__WORK TO COMPLETE__:
Reproduce word for word every line from the one containing "Hungría 500 Forint" to the final line of the data below; omit the pictures.

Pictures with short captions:
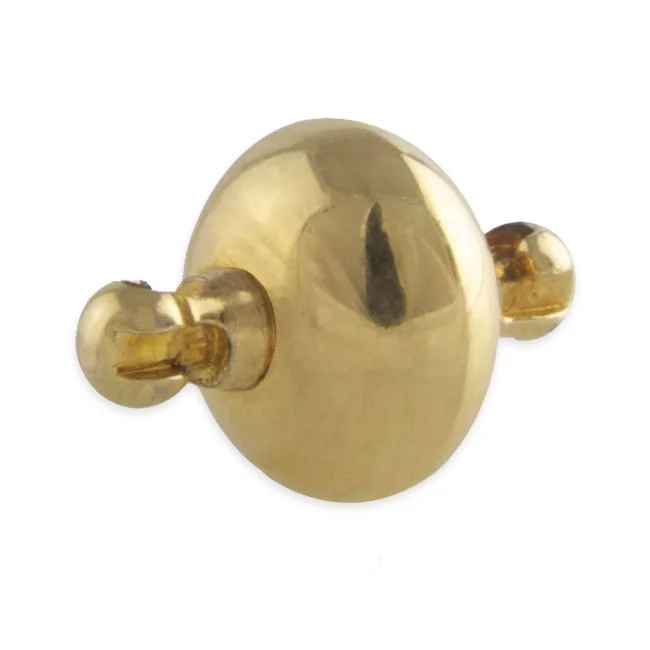Gold plated steel adaptor for interchangeable necklace system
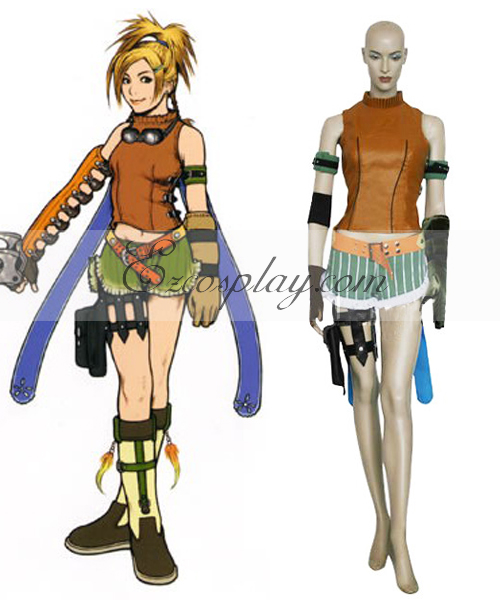 Final Fantasy X Rikku Cosplay-Kostüm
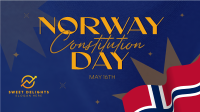 Flag Norway Day Facebook Event Cover Design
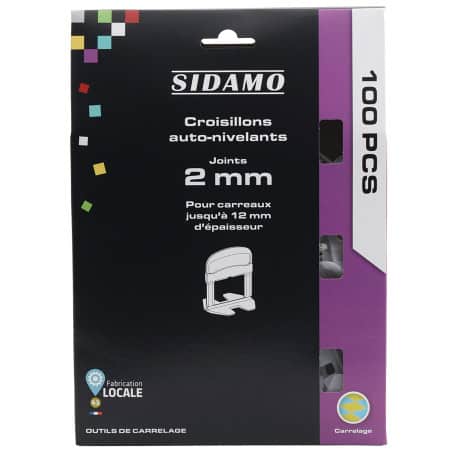 Croisillon autonivelant - L 2 mm / E 3 ~ 12 mm - SIDAMO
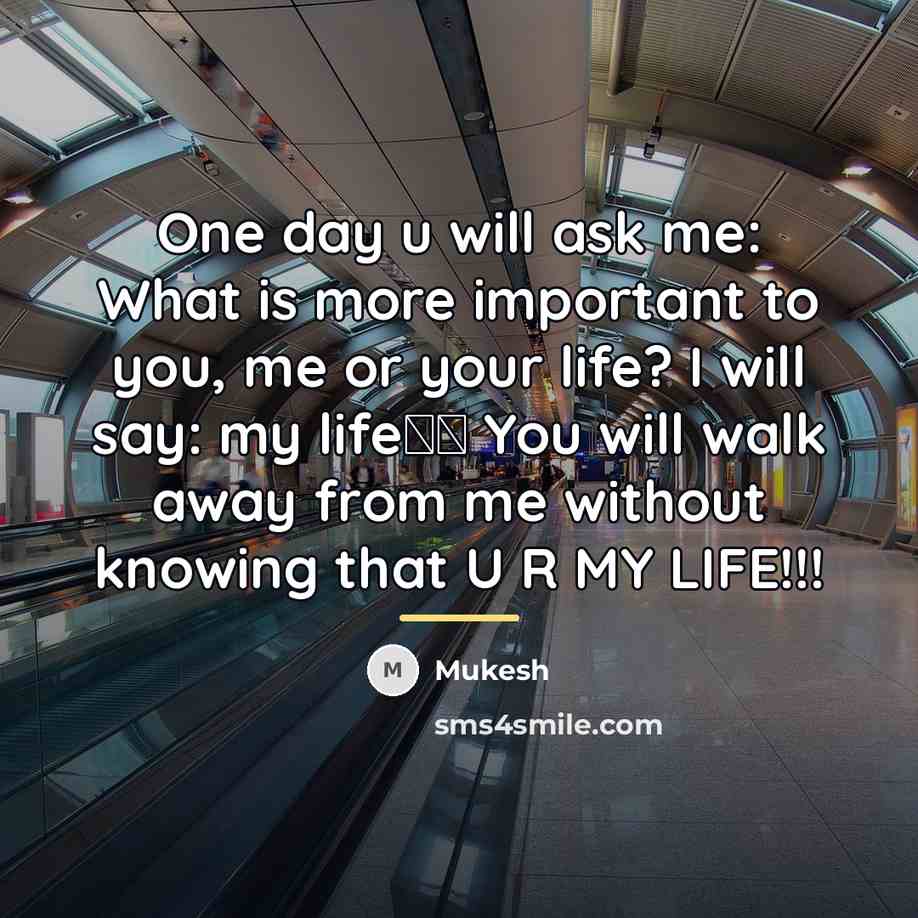 “One day u will ask me: What is more important…” quote by Mukesh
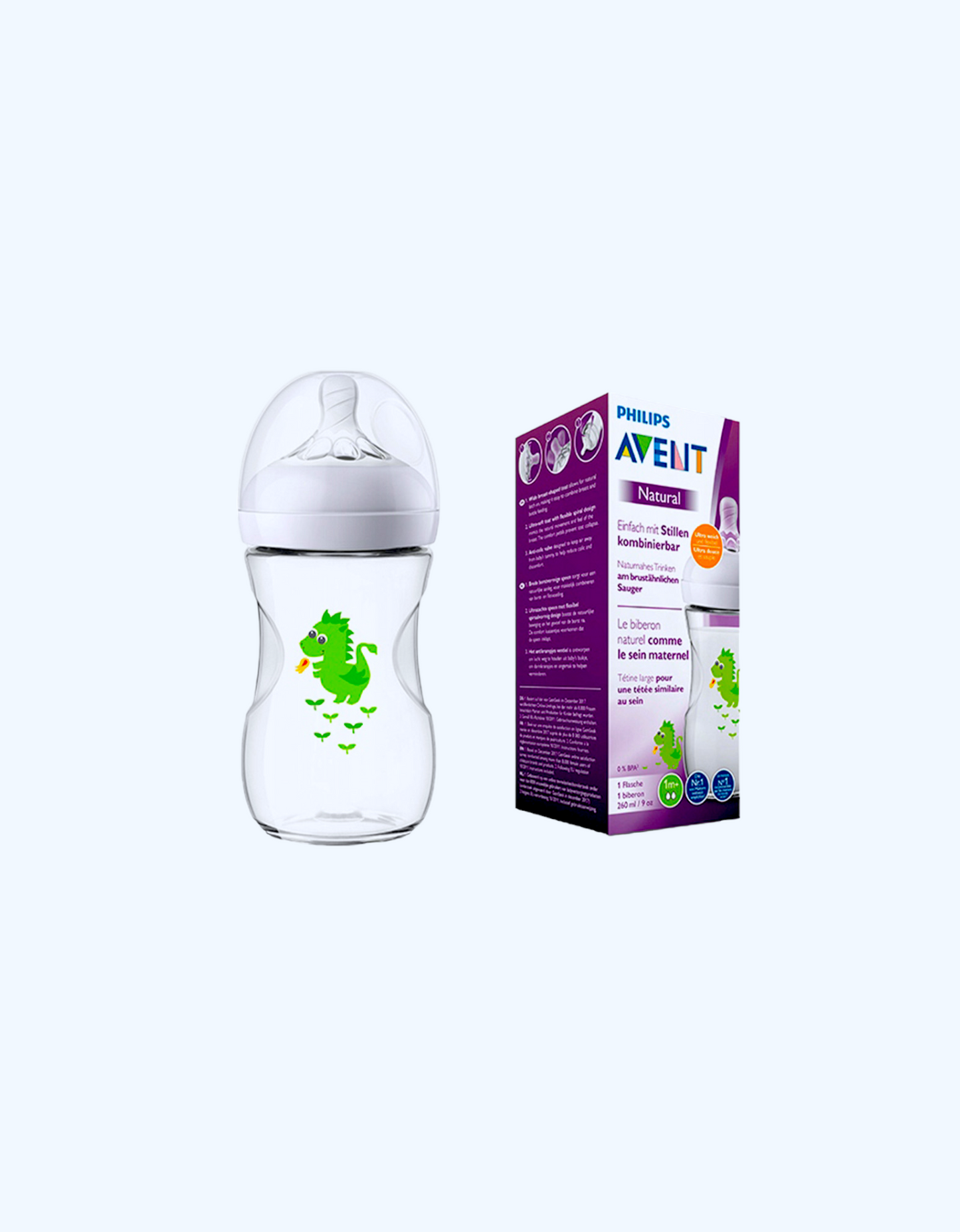 Avent Бутылочка для кормления серии Natural, 1+ мес., 260 мл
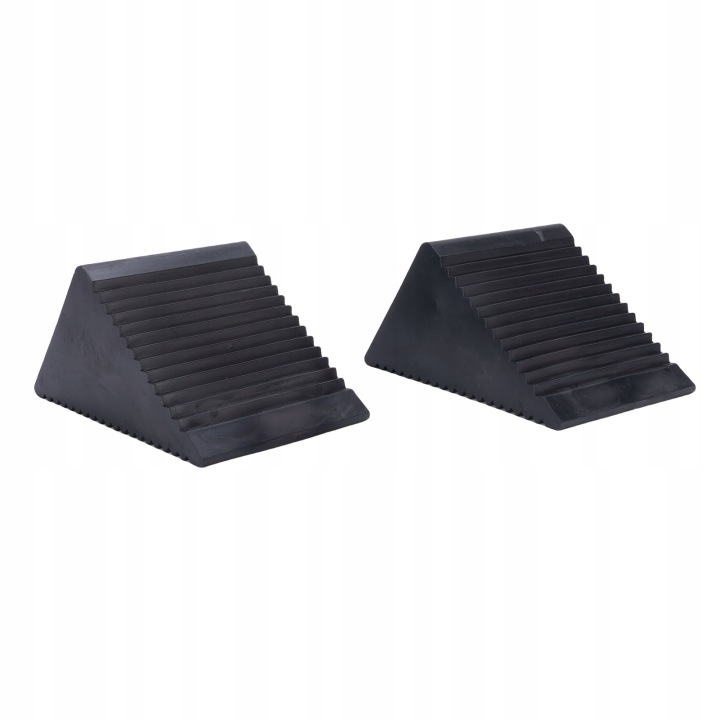 2PC MINI CAOUTCHOUC ROUES CHOCKS POUR ATVS SCOOTERS GAZEUX TONDEUSES 5X3X2-1/2IN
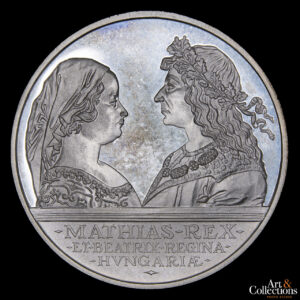 Hungría 500 Forint 1990 – 500º Aniversario de su Muerte-Beatriz y Matías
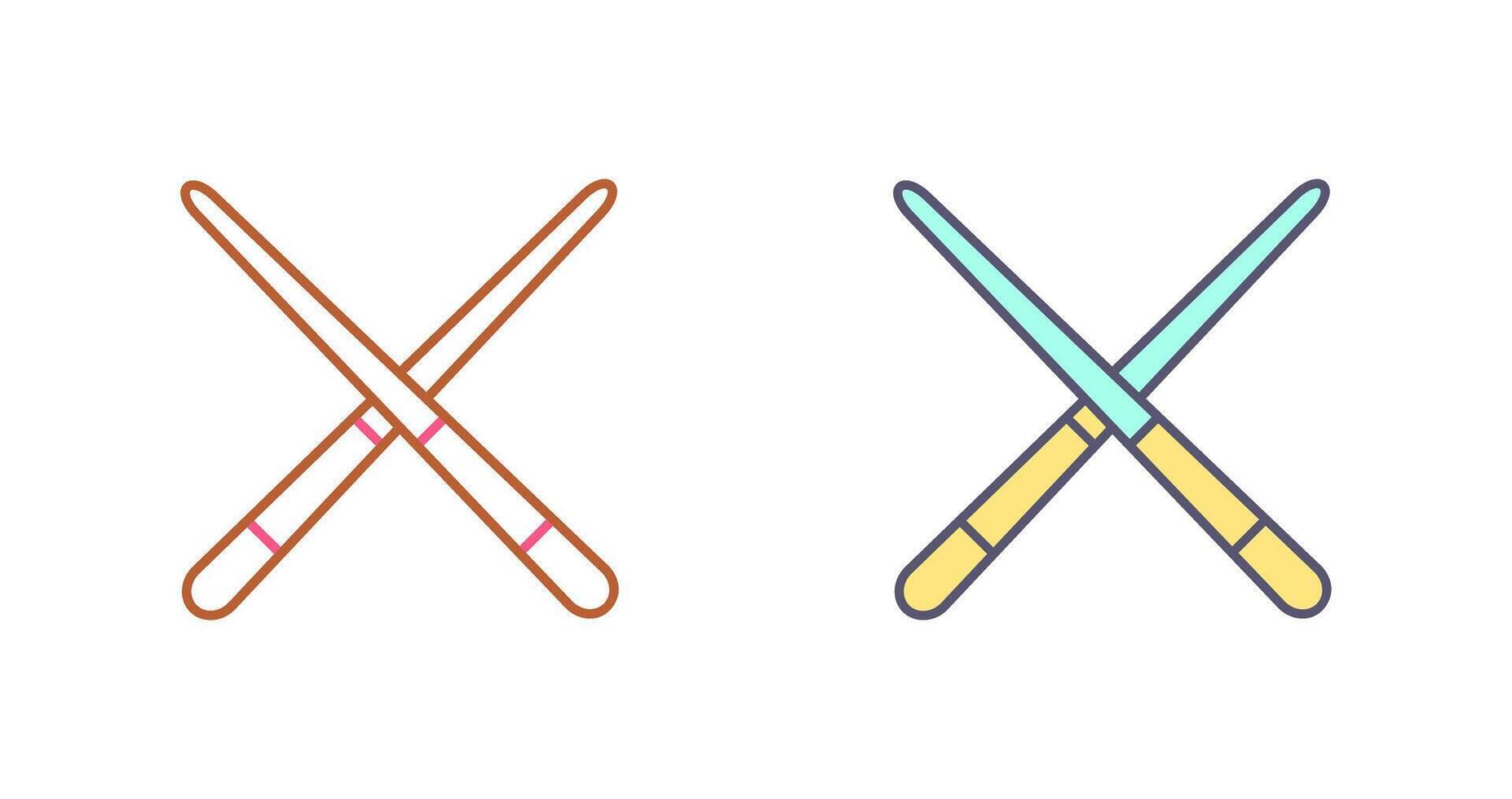 Pool Cue Icon Design vector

__ANSWER TO THIS TASK__:
 Hungría 500 Forint 1990 – 500º Aniversario de su Muerte-Beatriz y Matías
 Pool Cue Icon Design vector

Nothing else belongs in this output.